# Source records
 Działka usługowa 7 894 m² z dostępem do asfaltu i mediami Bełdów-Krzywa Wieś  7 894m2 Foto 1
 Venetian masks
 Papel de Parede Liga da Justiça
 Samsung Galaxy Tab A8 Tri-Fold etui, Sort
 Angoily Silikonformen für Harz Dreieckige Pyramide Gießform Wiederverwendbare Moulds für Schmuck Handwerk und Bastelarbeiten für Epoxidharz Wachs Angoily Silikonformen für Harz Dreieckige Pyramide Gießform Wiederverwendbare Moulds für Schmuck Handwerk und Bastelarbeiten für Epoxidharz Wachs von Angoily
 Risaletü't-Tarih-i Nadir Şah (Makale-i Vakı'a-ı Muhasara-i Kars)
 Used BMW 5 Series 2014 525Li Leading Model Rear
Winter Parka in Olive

--

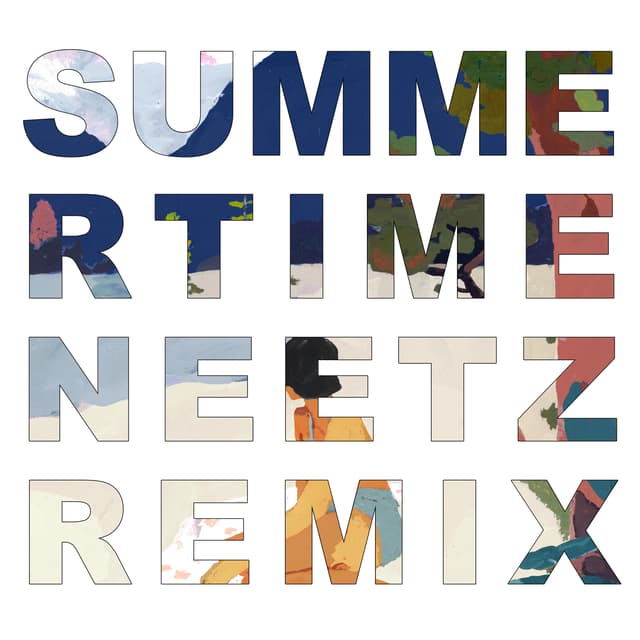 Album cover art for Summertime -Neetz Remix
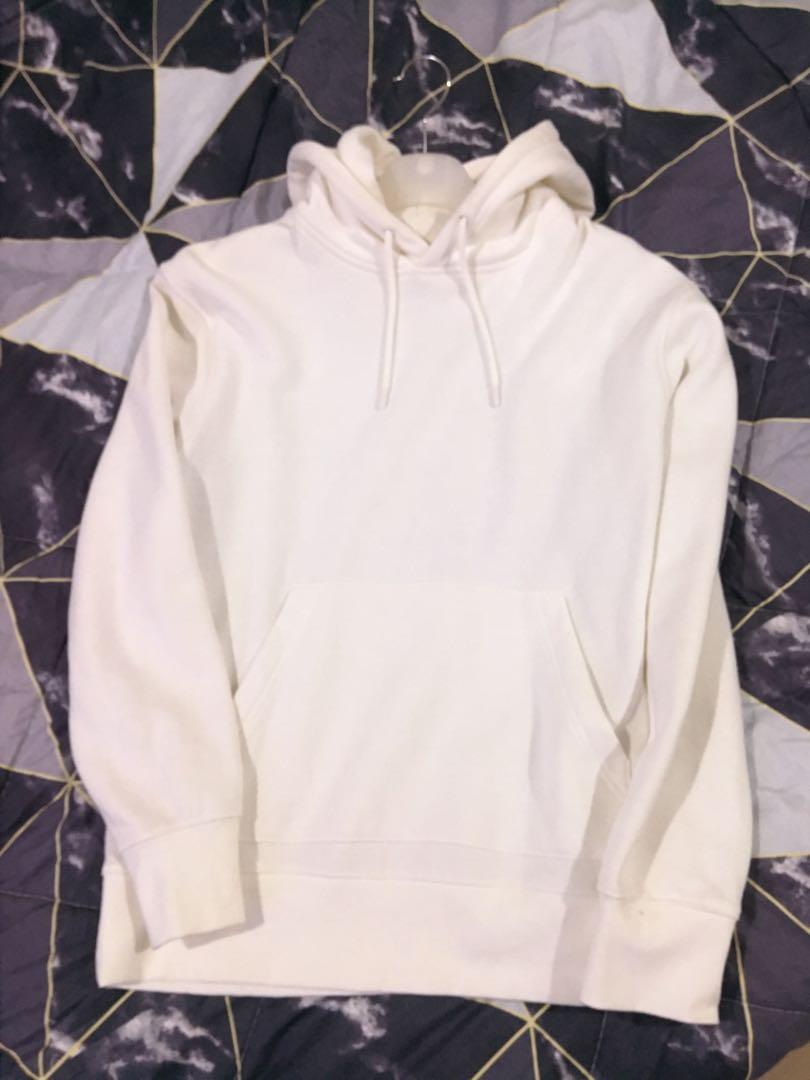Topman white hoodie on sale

...

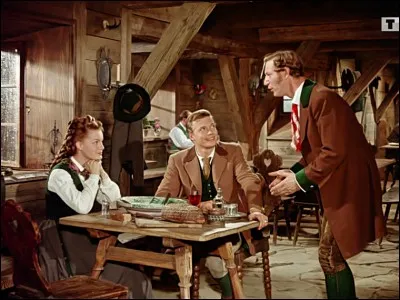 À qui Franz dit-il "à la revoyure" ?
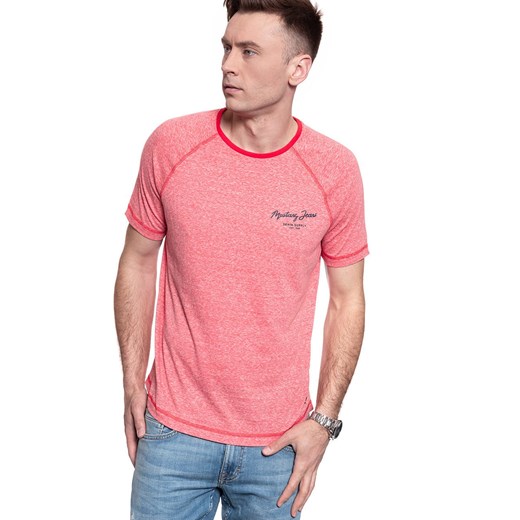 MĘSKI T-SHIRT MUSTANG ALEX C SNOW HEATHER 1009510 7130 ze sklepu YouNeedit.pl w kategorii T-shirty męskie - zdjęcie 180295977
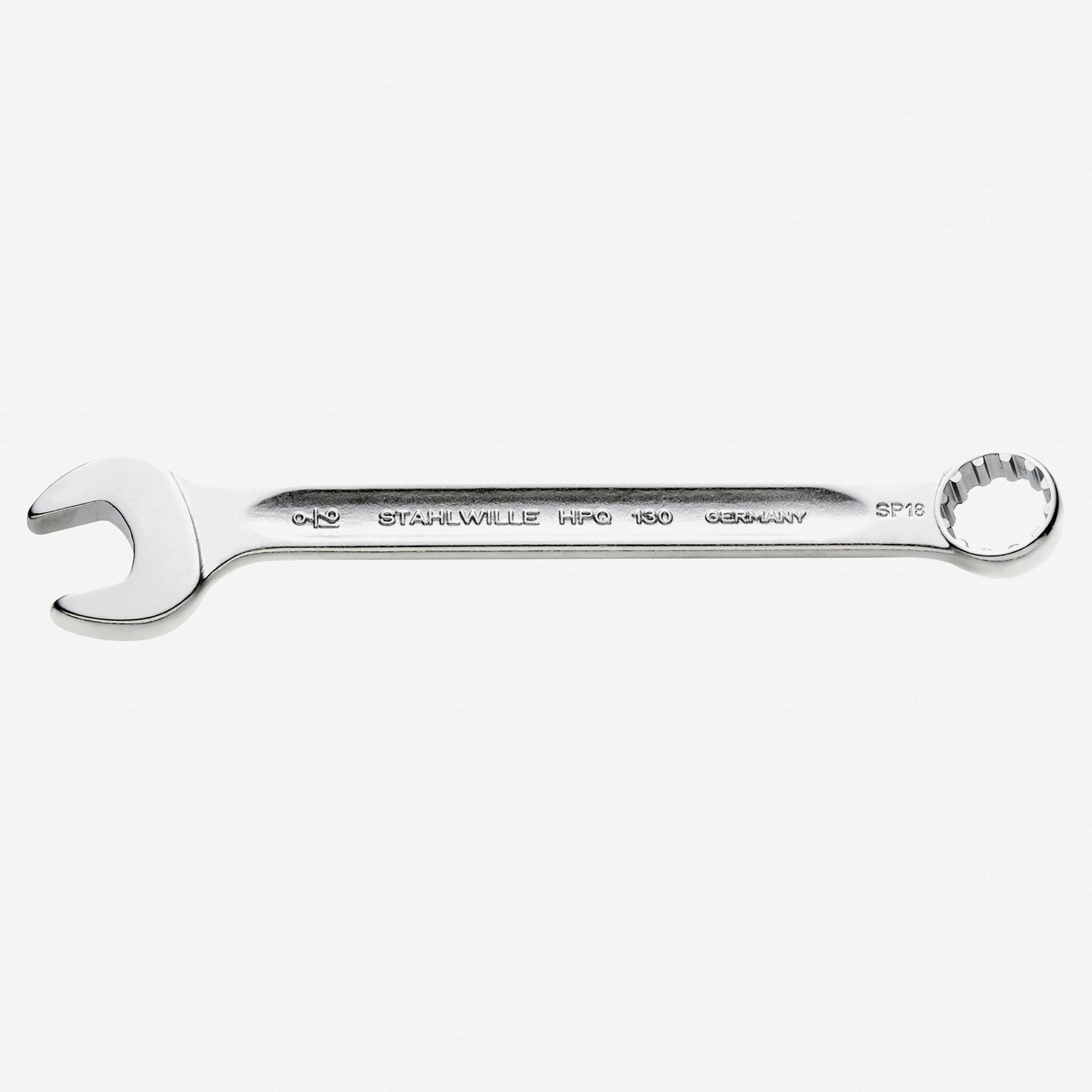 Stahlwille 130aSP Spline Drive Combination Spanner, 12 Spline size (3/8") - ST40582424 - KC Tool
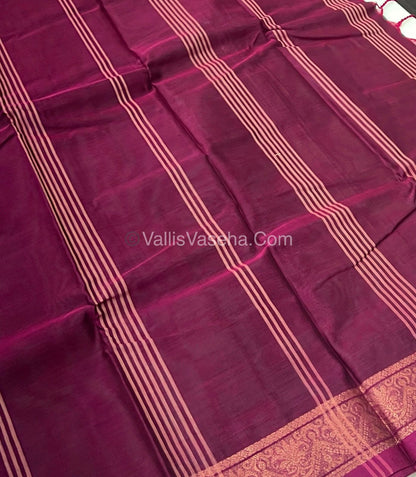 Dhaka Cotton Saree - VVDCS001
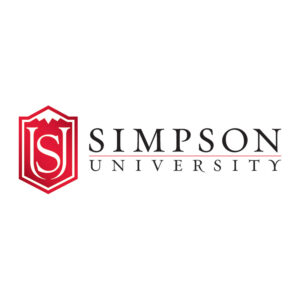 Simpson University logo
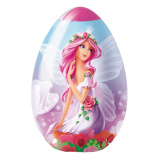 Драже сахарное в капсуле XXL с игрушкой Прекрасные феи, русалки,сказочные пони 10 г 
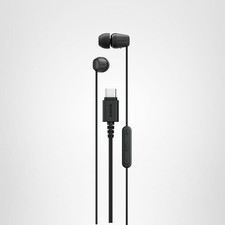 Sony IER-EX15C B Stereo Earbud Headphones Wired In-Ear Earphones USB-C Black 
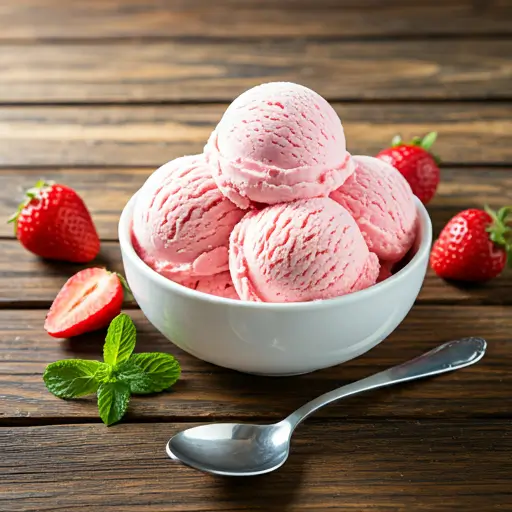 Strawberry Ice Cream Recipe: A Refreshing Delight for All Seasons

# To do
The listing above holds a line with "Venetian masks" and a line with "Samsung Galaxy Tab A8 Tri-Fold etui, Sort". Print the stretch from the first through the second, exactly and alone.

# Exercise answer
 Venetian masks
 Papel de Parede Liga da Justiça
 Samsung Galaxy Tab A8 Tri-Fold etui, Sort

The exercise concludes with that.